Although FMD is diminished in at-risk populations, compensation of vascular structure may occur in overweight and obese youth. Using pulse wave velocity and pulse wave analysis, Charakida et al48 illustrated that overweight and obese children had reduced arterial stiffness compared with normal-weight children. The authors suggested that conduit artery adaptation may occur to subdue the hemodynamic effects of adiposity.48 Tryggestad et al49 proposed that increased artery compliance observed in obese children may be due to advanced growth and maturation compared with normal-weight children. Regardless, the current evidence suggests that overweight and obesity affects vascular function (FMD) and structure (stiffness) dissimilarly. It is also relevant in this context that studies have reported compensatory interrelated changes in vascular function and structure, with initial functional changes ultimately being superseded by changes in artery size and remodeling.19,20
The present meta-analysis was unable to extrapolate a relationship between cardiorespiratory fitness and FMD, as just 3 of the included studies conducted maximal exercise tests.12,22,25 Furthermore, the discrepancies in exercise prescription (mode, intensity, duration, and frequency) between studies add complexities when attempting to ascertain an optimal prescription. Therefore, the exact exercise prescription required to induce clinically significant improvements in FMD cannot be established until more data become available. It is also important to reinforce the competing effects of exercise on body composition and the consequent difficulty in using body weight indices such as BMI. Several studies have reported that, although body weight and BMI are not decreased by exercise training, beneficial countervailing effects occur through increases in lean body mass and decreases in fat mass.11,23 We recommend that future studies focus on the impact of exercise training on body composition, not BMI or body weight.
Although this review does illustrate the positive impact of exercise on FMD, a measure of vascular function, the included studies had methodological limitations. Heterogeneity of the FMD measure was high (χ2 = 17.53, I2 = 70%, P = .004), perhaps owing to varying exercise training regimens or technical preparation and analytical approaches. Although this limitation suggests that results should be interpreted with caution owing to variation in true effect sizes, statistical heterogeneity was addressed through random effects modeling within the meta-analysis. The optimum exercise training protocol to maximize health benefits in obese pediatric populations is yet to be established. As such, current research consists of varying exercise modes and intensity as well as differing session duration and frequency. Furthermore, heterogeneity may be due to the different FMD measurement protocols used, with evolving guidelines and technology the primary source of this variability. Discrepancies were present in image acquisition alongside analysis techniques, ie, automated software11,22,23 compared with user-dependent manual measurements,12,24,25 which are likely to influence the outcome. A recent guidelines document was produced to overcome some of the technical difficulties between laboratories using the FMD approach.30 The current review did not include studies of vascular structure, measured as arterial stiffness, because of a limited number of studies reporting both vascular function (FMD) and structure (arterial stiffness) measures. Furthermore, publication bias may have been introduced by limiting the meta-analysis to studies in the English language.

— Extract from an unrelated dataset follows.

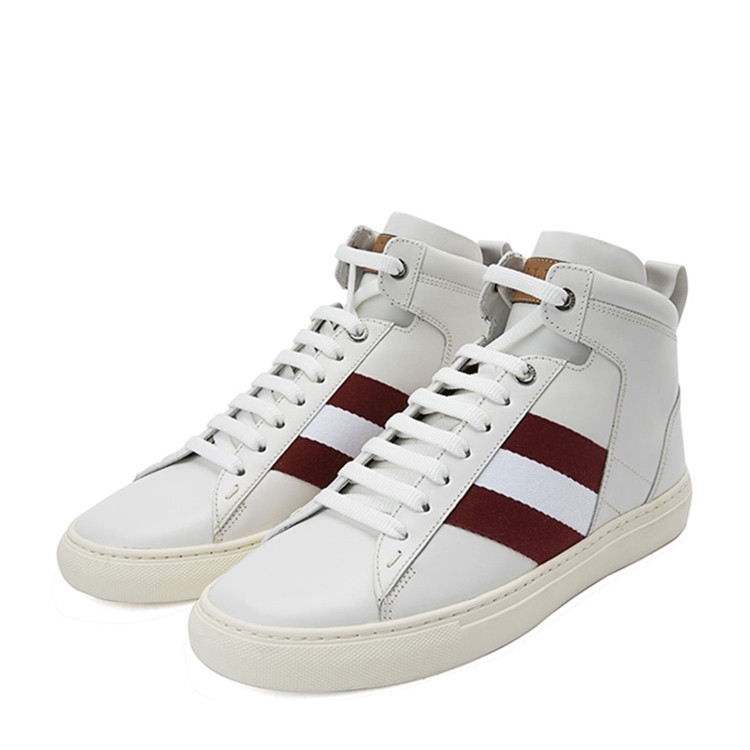 bally/巴利-混合材质刺经典条纹装饰高帮男士休闲运动鞋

Whereas the mean difference of FMD% was 1.54%, this value lies within the range of variability of the different protocols. It is important to note, however, that 5 of the 6 studies reported improvements greater than the clinically significant value of 1.0%.11,22–25 Furthermore, 3 of these studies11,22,23 used the gold standard automated analysis approach, suggesting greater reliability and validity of findings.30
Most studies reviewed involved small sample sizes, with a total of 219 participants included in the meta-analysis, and male-to-female ratios were unequal in 2 of 6 studies.12,24 Differing study and participant characteristics such as chronological and maturational age are confounding factors that may have influenced FMD results. Not only did the criteria for overweight and obesity vary between reviewed studies, but 3 of 6 studies presented pooled FMD data for overweight and obese participants, therefore restricting the meta-analysis to the entire population. Combining overweight and obesity may result in varying stages of vascular dysfunction among the population studied. The influence of exercise at each stage of vascular remodeling and dysfunction is currently unknown. Further research concentrating on specific populations with particular exercise interventions will allow for more concise prescription guidelines to become available.

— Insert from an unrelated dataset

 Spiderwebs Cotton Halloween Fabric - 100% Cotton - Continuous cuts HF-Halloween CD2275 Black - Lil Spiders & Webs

Strong adherence to any exercise program is required for short- and long-term efficacy. In the studies identified in this review, adherence was high, ranging from 83% to 90% in supervised programs. However, long-term adherence to the intervention was not examined, ie, whether individuals continue the exercise program after the supervised exercise-training period. Previous examinations of the effectiveness of lifestyle interventions in pediatric obesity suggest that these interventions are effective in improving cardiometabolic outcomes for ≤1 year.50 Again, uncertainty surrounds the effectiveness of such programs over a longer period of time.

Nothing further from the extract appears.